> Data to process:
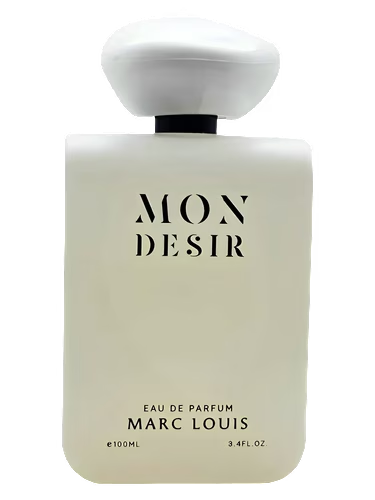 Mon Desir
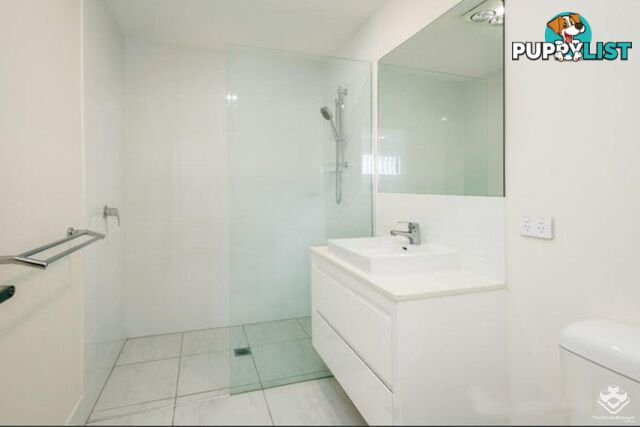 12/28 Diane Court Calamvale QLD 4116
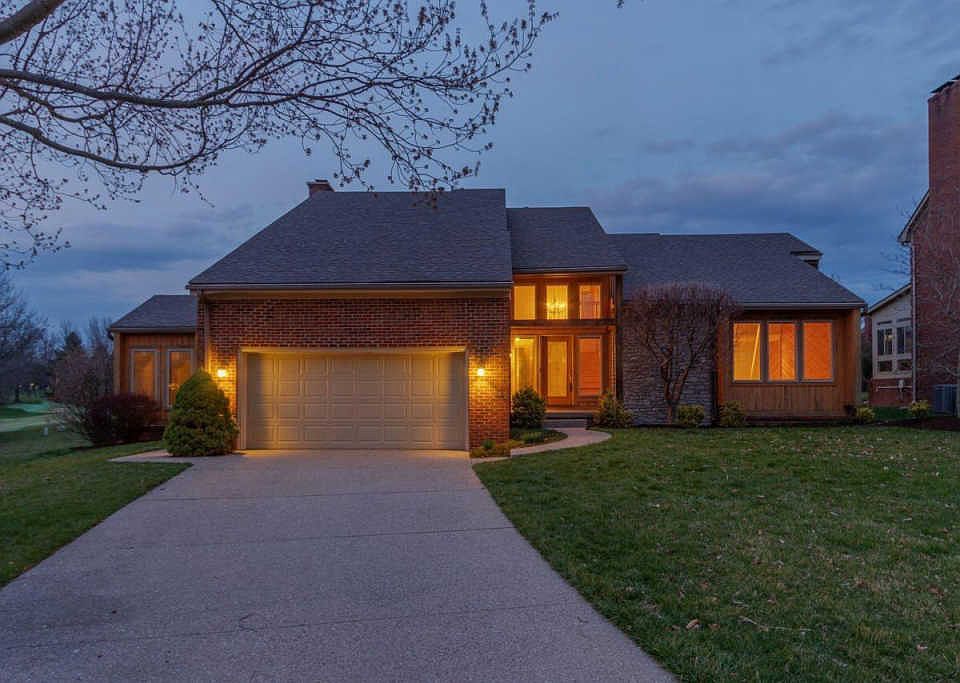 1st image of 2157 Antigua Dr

--

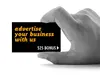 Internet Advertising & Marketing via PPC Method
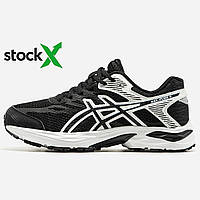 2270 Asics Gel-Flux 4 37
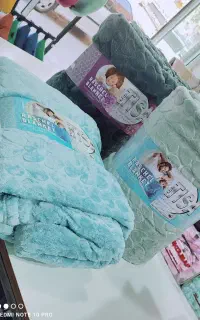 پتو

> Work task: Those lines of the records above that run from the one containing "12/28 Diane Court Calamvale QLD 4116" through the one containing "1st image of 2157 Antigua Dr" should be returned exactly, with no pictures among them.

> Written answer:
 12/28 Diane Court Calamvale QLD 4116
 1st image of 2157 Antigua Dr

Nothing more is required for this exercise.